Haunted Mansion’s drowning box office status shows Disney believes in the “If I can’t see it, it doesn’t exist” school of object impermanence

Haunted Mansion
Photo via Disney

You know when a child plays hide-and-seek with their parents and hides in full view, believing that if they close their eyes, no one can see them? Well, looks like Disney is doing something very similar, and its latest failure i.e., Haunted Mansion is only outlining its glaring errors — three, to be precise.

For starters, Haunted Mansion has a towering budget of $150 million. Thus, even if it makes a whopping $60-$70 million at the box office, in the shadow of Barbenheimer, it will still be called a flop because of its over-inflated budget. And this is not the first time Disney has spent more than a project needs, only for the end result not to reflect the money invested. (Yes, Secret Invasion, with your crazy over-$200 million budget, we are looking at you).

Secondly, there is the fact that Disney has been relentlessly making remakes for a while now, and a majority of them have tanked with such severity that the production house has lost almost a billion dollars behind its obsession.

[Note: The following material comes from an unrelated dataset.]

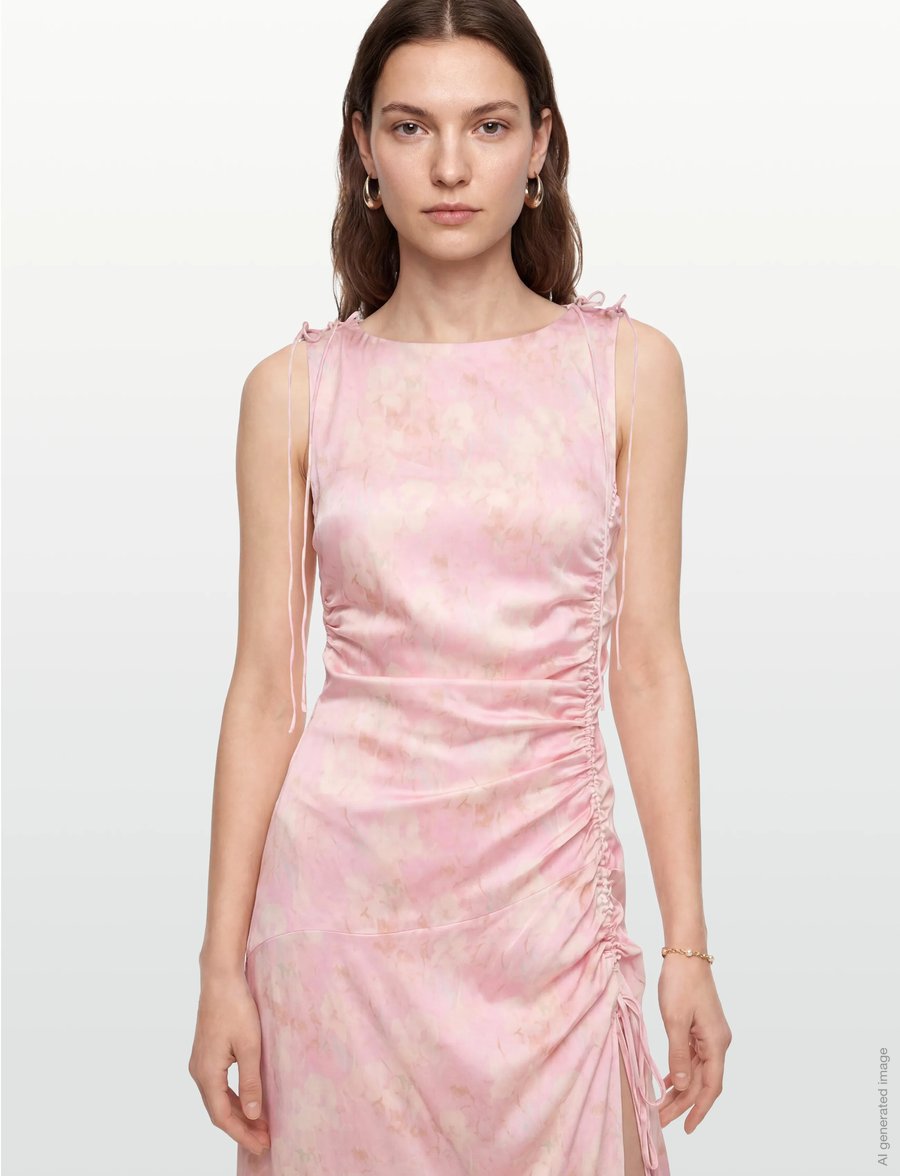 GANNI - Printed Stretch Satin Gathered Long Dress - sommerkleider - primrose pink - 3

And the third one, which has hit Haunted Mansion where it hurts the most — the choice of its release date. Not only is the film fighting a losing battle against Barbenheimer — and losing in its own genre because of a brilliant $4 million indie horror — its release timetable is all wrong. While good horror films win no matter when they are released (see: Smile), those with less brilliance rely on landing at the right time, which would have been around Halloween for Haunted Mansion. But as with many recently-released horror flicks, Disney seemingly marched on in the dark.

The MCU is what gives Disney its freedom to fly, and yet Loki season 2 trailer happily disrespects it

Before we get off on the wrong foot, let me clarify — Loki is one of the rare Marvel series that is actually worth watching. But its very exceptional trailer for season two totally disregards Loki’s entire storyline in the MCU, the very cinematic universe through which the Mouse has earned over $28 billion at the box office.

In the trailer, we see the God of Mischief dealing with enemies with a strong green energy blast that dispatches the strongest adversaries. Great to know that anyone would have one hell of a time trying to beat the Asgardian prince, but… where were these powers in The Avengers — or, well, any time the OG Loki appeared in the MCU? 

If he had these powers, why did he let the Hulk, who would be nothing in front of this massive energy blast, throw him around like a rag doll? Why didn’t he use this in Thor: Dark World, or any number of times he was facing off against an enemy?

Is this Marvel getting stuck in another one of its continuity errors, or is it just blatantly disregarding the storyline of one of the most beloved MCU characters?

Maleficent, Ursula, The Evil Queen, etc., can all take a bow as Disney’s most malignant villain is finally remembered

Frollo in Hunchback of Notre Dame
Photo via Disney

Disney is known for its attempts at grandiosity, and so its more popular villains are always bigger and flashier, with massive aspirations like conquering the throne and ruling a kingdom. But at the end of the day, are they as terrifying as Frollo? Hunchback of Notre Dame’s genocidal abuser, who ditches the world of fantasy to portray what bad people in the real world are truly like? Disney might stick to its fancy villains, but fans know who terrified their very souls.